But do you have any idea of everything that has to be done before your weekend shopping makes it to your home, what we have to watch out for, and why the on-line grocery business is so complicated? And did you know that we’re among the very best in terms of the quality of this service? That’s precisely why I decided to write a little more on this topic and take you behind the scenes of a fascinating business that has come an incredibly long way in the Czech Republic.
In the first place it needs to be said that on-line grocery shopping is a much more comprehensive service than classical e-commerce. Instead of one product, orders routinely consist of 60 items, and even one mistake can have unpleasant consequences. When you invite someone over for supper but the goose and sauerkraut are missing from the order, or it arrives an hour later and you don’t have enough time to cook it, it can ruin the entire evening.
The pressure on quality, simply put, is enormous. In general, people are most sensitive to the quality of fruit and vegetables. Not even one orange can be bruised, everything must be perfect; expectations are high in this regard, and strict quality control is a must. We can’t forget anything, which is why we weigh every order, and if the weight doesn’t match our system’s estimate, we check it manually.
On-line grocery shopping places enormous demands on warehouses too. In a normal one, dust doesn’t matter, but ours has to be extremely clean. Some groceries don’t have a very long shelf life, so we have to check batches constantly and communicate with a huge number of suppliers. Košík also does some of its own baking, so imagine what happens when your oven stops working and you suddenly don’t have enough baked goods. That’s a nightmare. On top of that we stock 17,000 different items, which is roughly eight times as many as a normal brick-and-mortar supermarket.
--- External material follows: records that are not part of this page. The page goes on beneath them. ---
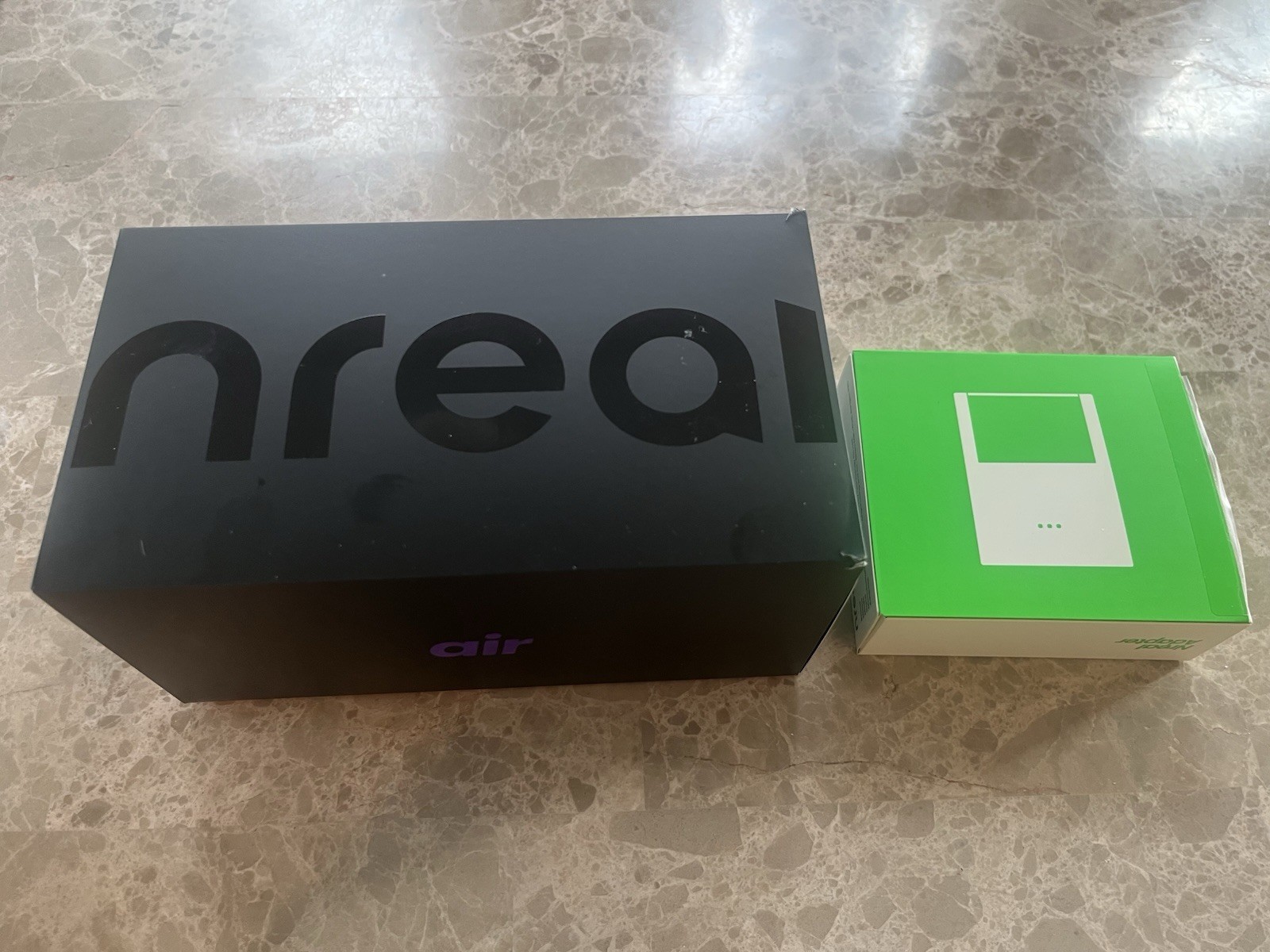 Nreal Air Smart Glasses USB-C Set w/ Nreal Adapter, Cable, Case & Box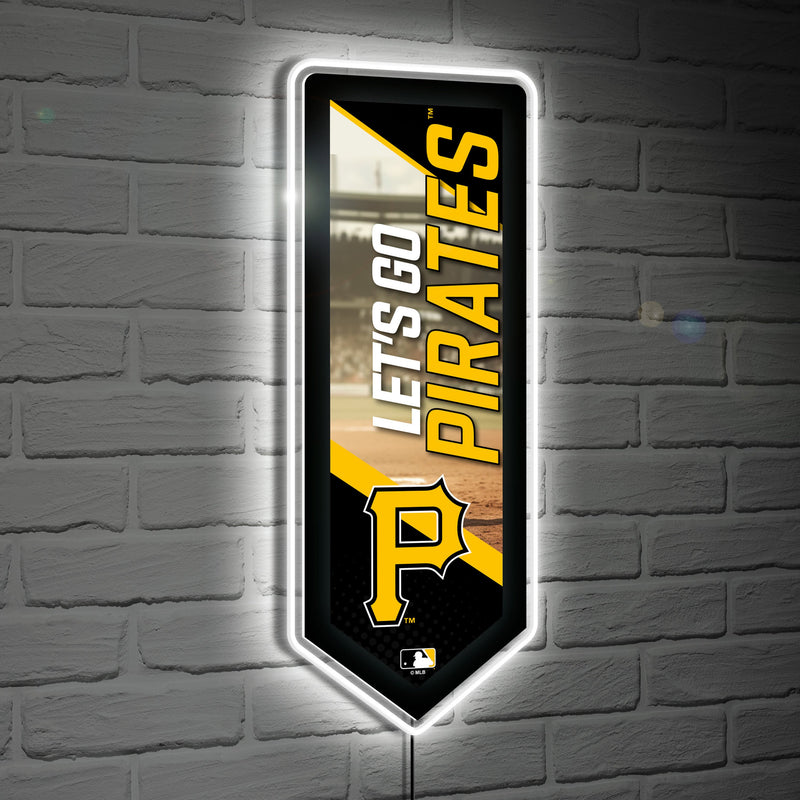 Pittsburgh Pirates Baseball Pennant Glazelite LED Decor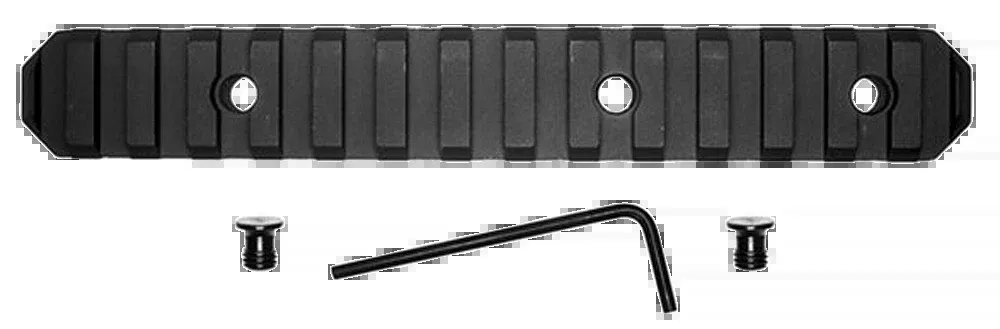 GrovTec GTSW230 6 in 15-Slot KeyMod Picatinny Rail Black Anodized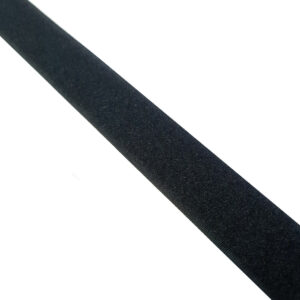 Klittenband back to back 25mmx25m zwart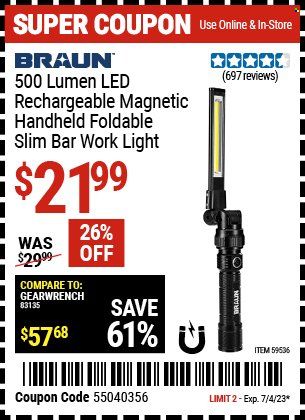 Harbor Freight Weekly Ad Flyer Specials June 19 to July 4, 2023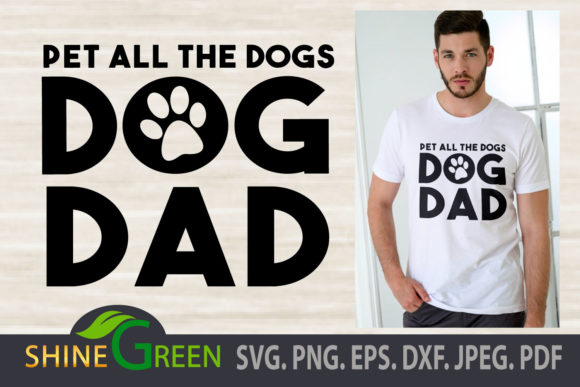 Dog Dad with Paw for Pet Lovers, Men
A unique Czech e-shop that works
If you’re asking yourself why none of the large retail players have entered the on-line sales market completely when they sell groceries anyway, the answer isn’t simple. It’s a much more complicated business that they aren’t capable of handling. They’d either need a completely new warehouse dedicated to on-line sales, or they’d have to pick goods directly from the supermarket shelves. The first approach is too complicated for them, while the second one doesn’t work in terms of economics.
There were some attempts by our neighbours, but customers here aren’t used to paying someone else do their shopping for them. An hour of work costs at least EUR 14, and a 50-item shopping list takes at least a half-hour, add to that the cost of transport, and you end up with an amount that nobody wants to pay. People have gotten used to paying for delivery of food from restaurants, but that doesn’t apply to groceries yet. For brick-and-mortar supermarkets, it is therefore much better if customers come and do their own shopping.
Two things are needed for on-line groceries to work from a business perspective. First, you need to get the order out the door as quickly as possible. Aside from speed, efficiency also plays an important role. There are a billion details – for example, a small van will hold an average of 11 to 15 orders, which have to be loaded as economically and efficiently as possible.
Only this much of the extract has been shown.